# WHAT IS REQUIRED:
Your copy should match the listing below word for word, with no images in it.

# COLLECTED DATA:
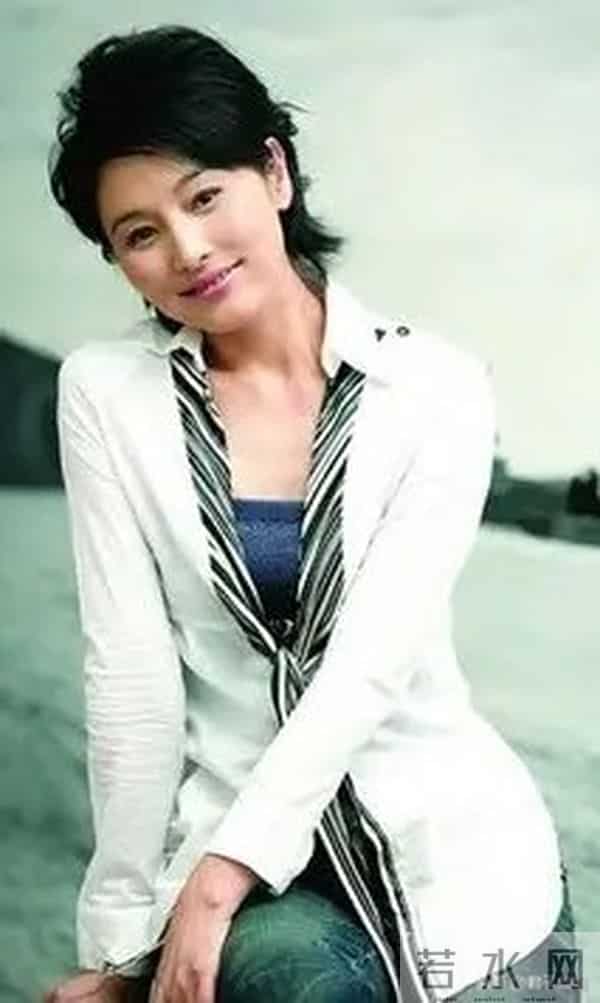 演员张延也老了和丈夫的留影,不再是年轻时候的美貌了气质还没变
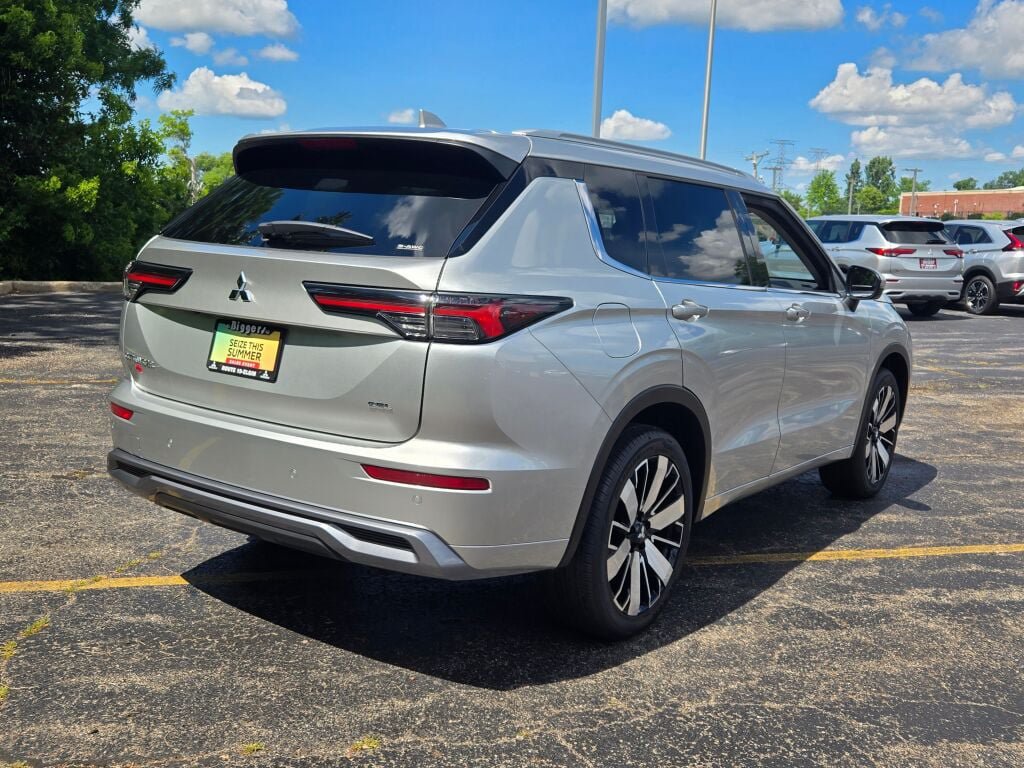 New 2026 Mitsubishi Outlander SEL AWD/4WD image 12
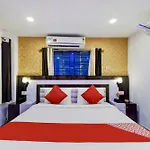 Hotel O Royal Regency Near Acropolis Mall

# WRITTEN SOLUTION:
 演员张延也老了和丈夫的留影,不再是年轻时候的美貌了气质还没变
 New 2026 Mitsubishi Outlander SEL AWD/4WD image 12
 Hotel O Royal Regency Near Acropolis Mall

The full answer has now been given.